There have been some recent developments in Europe may be indicators of what is yet to come to North America.  The Netherlands has in the past year abandoned its long-standing model of multiculturalism that has encouraged Muslim immigrants create a parallel society within the Netherlands.  It is only one of several countries to make this move, or contemplate making that move.  

Reproduced under the Fair Dealings provisions of the Copyright Act.
LINK


> The Netherlands to Abandon Multiculturalism And Muslim Mass-Immigration
> 
> The Conservative Papers
> Written on January 26, 2013 at 12:14 pm by alpineski
> ...



Related posts to the problems in the Netherlands:

1.Multiculturalism in Europe Failing, Now Holland
2.MORE THAN HALF OF MOROCCAN MALE MUSLIM YOUTHS IN THE NETHERLANDS HAVE AN ARREST RECORD…….
3.Geert Wilders Most Likely Next Prime Minister of the Netherlands
4.European Concerns Over Muslim Immigration Go Mainstream
5.Geert Wilders: The Failure of Multiculturalism and How to Turn the Tide

A Polish philosopher, Marcin Wawrzyńczak, believes that the inability of cultures to properly integrate and embrace multiculturalism has influenced a new era of postmulticulturalism.   Below are his comments:

LINK


> The era of multiculturalism collapsed when Europeans ceased to understand each other. Now we have entered a period of postmulticulturalism, where society blindly accepts that all cultures are equally good, according to a Polish philosopher.
> 
> From the 1970s onwards, multiculturalism was not only a fact in countries such as the United States, but also the standard. You had to support it, and this had the appeal of promoting diversity. One also had to respect multiculturalism because it was an expression of the varied "identities" of different social groups - primarily ethnic and tribal - but also cultural, sexual, or generational.
> 
> ...



To some extent, multiculturalism is a failure.  I believe that the assessment made by Marcin Wawrzyńczak is fairly much bang on.  We will be seeing changes to our rules on our freedoms in our society, to protect our culture from being destroyed, as witnessed in Europe today.  Will these be a complete backlash at our rules and beliefs of having a multicultural society?  Not at all.  It will only mean that we will be less lenient towards permitting foreign cultural customs or practices that are totally against our beliefs and laws.  As E.R.C. has pointed out many times, it is the "barbaric" practices that we will no longer tolerate being brought into our society, and any attempts by other cultures to bring them into our culture.


----------



## Jarnhamar (11 Dec 2013)

I enjoyed reading those articles thank you.


----------



## pbi (12 Dec 2013)

> As E.R.C. has pointed out many times, it is the "barbaric" practices that we will no longer tolerate being brought into our society, and any attempts by other cultures to bring them into our culture.

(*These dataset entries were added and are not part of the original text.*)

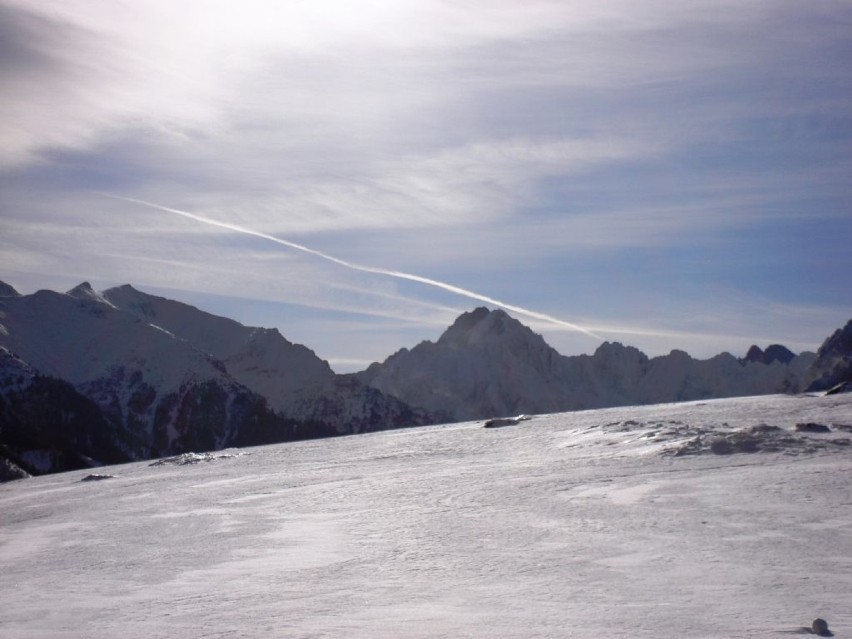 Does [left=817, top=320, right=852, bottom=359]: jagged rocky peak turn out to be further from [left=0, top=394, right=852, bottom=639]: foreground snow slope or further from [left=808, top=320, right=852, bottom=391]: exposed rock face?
[left=0, top=394, right=852, bottom=639]: foreground snow slope

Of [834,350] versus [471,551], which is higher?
[834,350]

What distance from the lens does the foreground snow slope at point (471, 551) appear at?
34.0 feet

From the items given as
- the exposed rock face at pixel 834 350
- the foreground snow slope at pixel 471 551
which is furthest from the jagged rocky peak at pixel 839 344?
the foreground snow slope at pixel 471 551

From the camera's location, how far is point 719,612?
9969mm

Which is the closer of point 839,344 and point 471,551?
point 471,551

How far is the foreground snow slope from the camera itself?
34.0 feet

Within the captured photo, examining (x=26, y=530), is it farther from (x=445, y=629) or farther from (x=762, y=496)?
(x=762, y=496)

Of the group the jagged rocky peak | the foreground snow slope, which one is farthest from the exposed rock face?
the foreground snow slope

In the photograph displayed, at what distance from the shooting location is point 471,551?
46.1ft

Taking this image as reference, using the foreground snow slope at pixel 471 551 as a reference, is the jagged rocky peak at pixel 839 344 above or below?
above

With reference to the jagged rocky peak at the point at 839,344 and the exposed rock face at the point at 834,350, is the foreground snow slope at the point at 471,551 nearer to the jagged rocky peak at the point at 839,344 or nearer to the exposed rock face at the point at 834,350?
the exposed rock face at the point at 834,350

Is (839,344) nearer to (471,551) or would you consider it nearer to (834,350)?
(834,350)

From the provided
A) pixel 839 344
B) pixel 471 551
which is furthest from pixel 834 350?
pixel 471 551

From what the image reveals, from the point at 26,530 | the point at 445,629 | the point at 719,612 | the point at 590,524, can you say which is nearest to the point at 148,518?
the point at 26,530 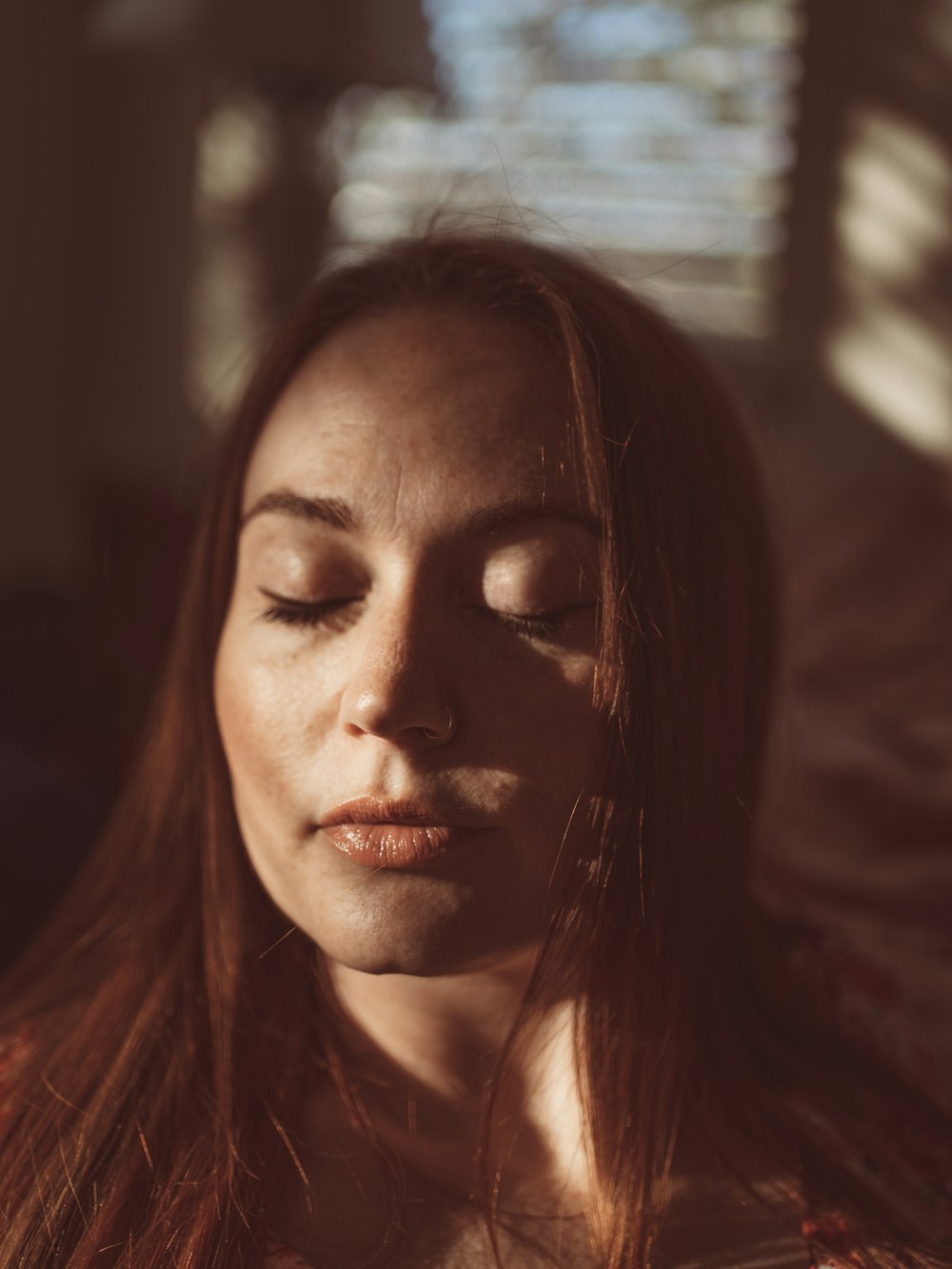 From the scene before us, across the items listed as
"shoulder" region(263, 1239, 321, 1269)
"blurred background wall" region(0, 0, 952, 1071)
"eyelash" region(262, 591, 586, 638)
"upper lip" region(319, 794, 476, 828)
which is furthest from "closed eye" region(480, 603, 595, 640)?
"blurred background wall" region(0, 0, 952, 1071)

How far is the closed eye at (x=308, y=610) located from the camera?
0.68 m

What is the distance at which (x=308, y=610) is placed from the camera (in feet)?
2.27

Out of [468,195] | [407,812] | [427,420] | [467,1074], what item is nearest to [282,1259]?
[467,1074]

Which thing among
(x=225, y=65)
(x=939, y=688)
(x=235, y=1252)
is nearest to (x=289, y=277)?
(x=225, y=65)

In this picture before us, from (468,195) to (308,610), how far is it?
1.74 meters

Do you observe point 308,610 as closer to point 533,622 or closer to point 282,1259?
point 533,622

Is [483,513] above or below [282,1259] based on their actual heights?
above

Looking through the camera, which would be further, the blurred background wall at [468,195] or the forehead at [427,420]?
the blurred background wall at [468,195]

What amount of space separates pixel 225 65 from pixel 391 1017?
7.80ft

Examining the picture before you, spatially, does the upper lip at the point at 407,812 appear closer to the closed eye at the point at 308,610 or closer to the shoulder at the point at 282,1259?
the closed eye at the point at 308,610

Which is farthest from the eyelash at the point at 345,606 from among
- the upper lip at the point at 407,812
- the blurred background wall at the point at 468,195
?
the blurred background wall at the point at 468,195

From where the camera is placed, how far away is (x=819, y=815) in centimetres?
154

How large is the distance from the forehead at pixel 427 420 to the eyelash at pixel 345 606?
2.5 inches

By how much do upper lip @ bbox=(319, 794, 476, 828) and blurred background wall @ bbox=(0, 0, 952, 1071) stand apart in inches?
61.1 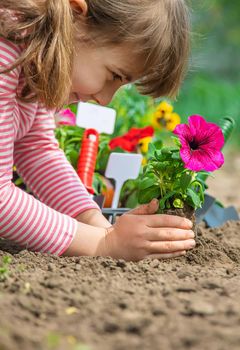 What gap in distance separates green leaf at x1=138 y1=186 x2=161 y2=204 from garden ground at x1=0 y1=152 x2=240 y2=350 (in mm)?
228

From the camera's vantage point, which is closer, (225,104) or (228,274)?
(228,274)

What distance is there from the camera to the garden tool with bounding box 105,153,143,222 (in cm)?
261

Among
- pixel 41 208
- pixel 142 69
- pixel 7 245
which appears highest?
pixel 142 69

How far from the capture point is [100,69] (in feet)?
6.66

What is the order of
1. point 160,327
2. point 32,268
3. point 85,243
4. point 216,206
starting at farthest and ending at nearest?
1. point 216,206
2. point 85,243
3. point 32,268
4. point 160,327

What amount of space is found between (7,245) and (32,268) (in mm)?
448

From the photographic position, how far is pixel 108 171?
105 inches

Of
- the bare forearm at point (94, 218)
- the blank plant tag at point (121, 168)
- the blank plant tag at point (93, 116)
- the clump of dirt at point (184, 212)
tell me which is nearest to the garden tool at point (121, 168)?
the blank plant tag at point (121, 168)

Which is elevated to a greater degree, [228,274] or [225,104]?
[225,104]

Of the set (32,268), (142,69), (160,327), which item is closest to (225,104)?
(142,69)

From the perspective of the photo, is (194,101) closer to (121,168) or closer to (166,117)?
(166,117)

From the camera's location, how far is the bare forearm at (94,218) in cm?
219

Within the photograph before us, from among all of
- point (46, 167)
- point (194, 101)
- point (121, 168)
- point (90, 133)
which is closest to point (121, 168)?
point (121, 168)

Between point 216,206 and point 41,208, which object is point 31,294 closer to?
point 41,208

Actually, IMHO these are probably the things we least need to worry about, since my guess is that they are practiced by relatively small segments of groups that are already in a minority.

What worries me far more is the possibility of fundamental changes in our society that might be brought about by alien cultural influences. I am treading on to thin ice here, and I will probably be called on it. Be that as it may.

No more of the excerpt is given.